## DIRECTIONS:
The lines below from the one with "Shining Rhinestone Hoop" up to and including the one with "Whale tail artwork" are what you should set down, exactly and without pictures.

## WORKING DATA:
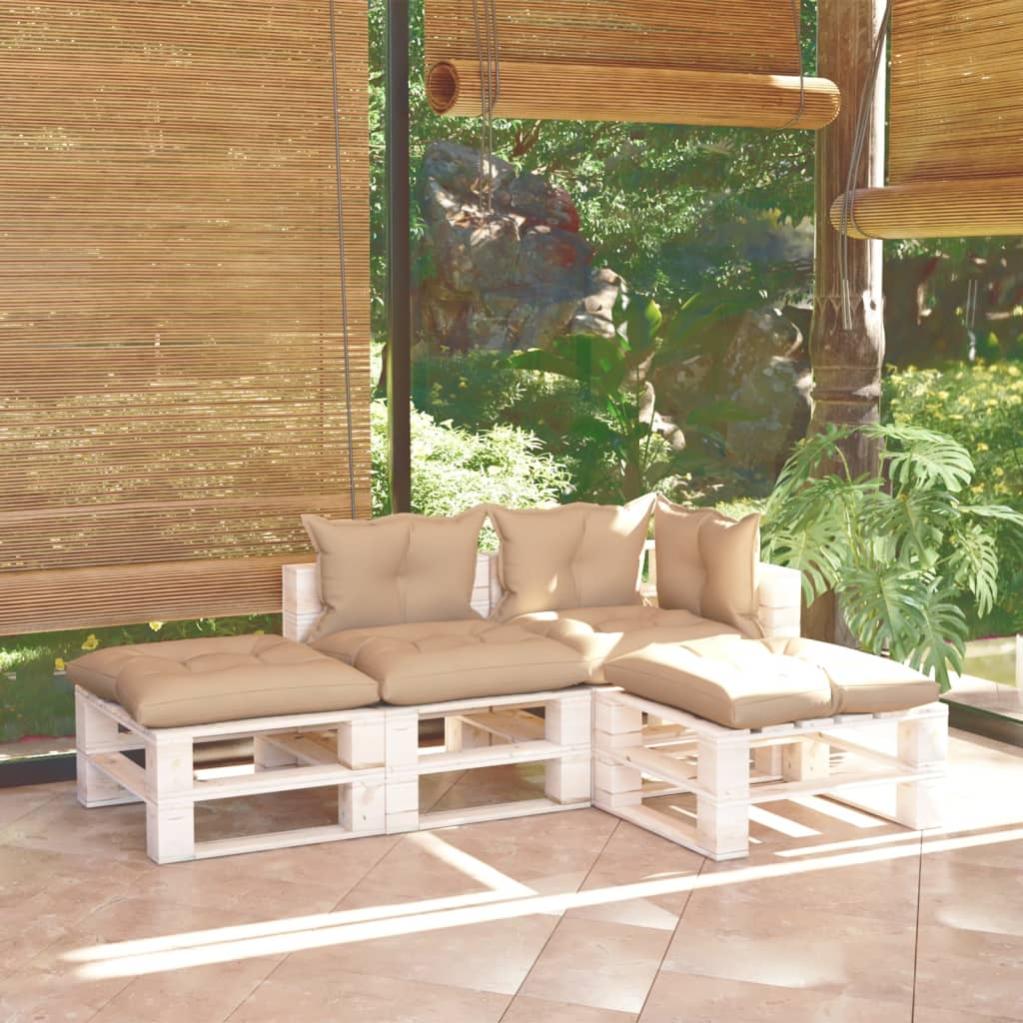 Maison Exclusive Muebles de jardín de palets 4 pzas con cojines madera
--
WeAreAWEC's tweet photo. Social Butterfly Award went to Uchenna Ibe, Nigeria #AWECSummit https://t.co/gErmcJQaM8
==
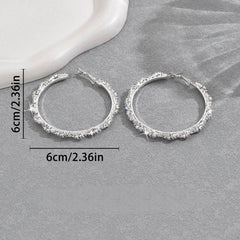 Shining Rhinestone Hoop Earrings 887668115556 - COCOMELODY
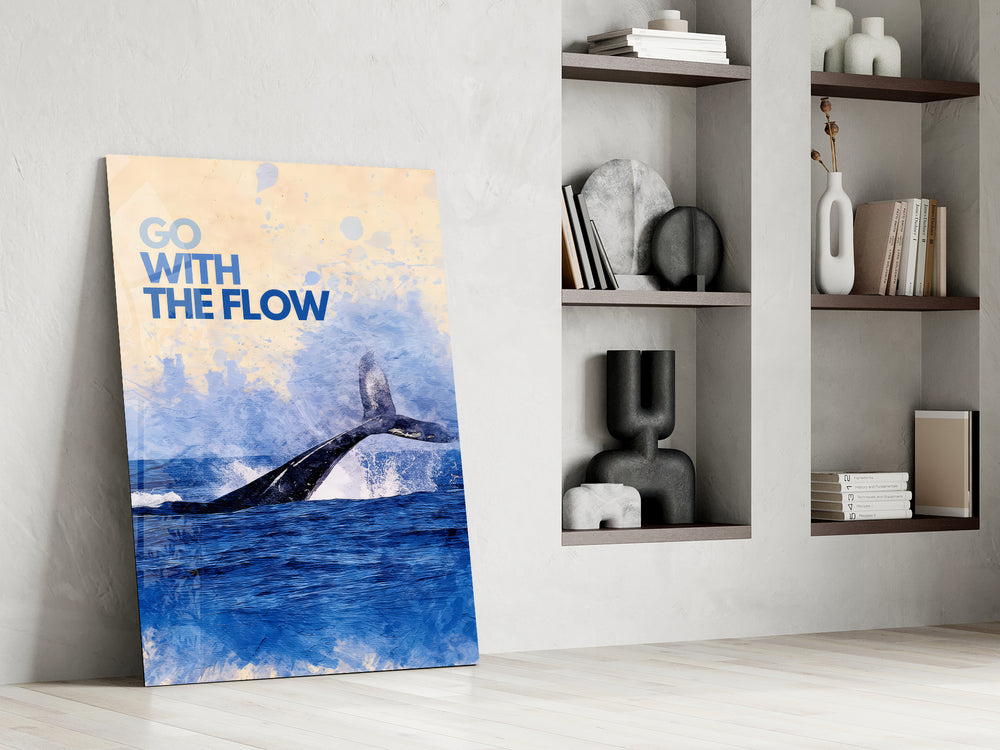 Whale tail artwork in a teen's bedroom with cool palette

## TASK ANSWER:
 Shining Rhinestone Hoop Earrings 887668115556 - COCOMELODY
 Whale tail artwork in a teen's bedroom with cool palette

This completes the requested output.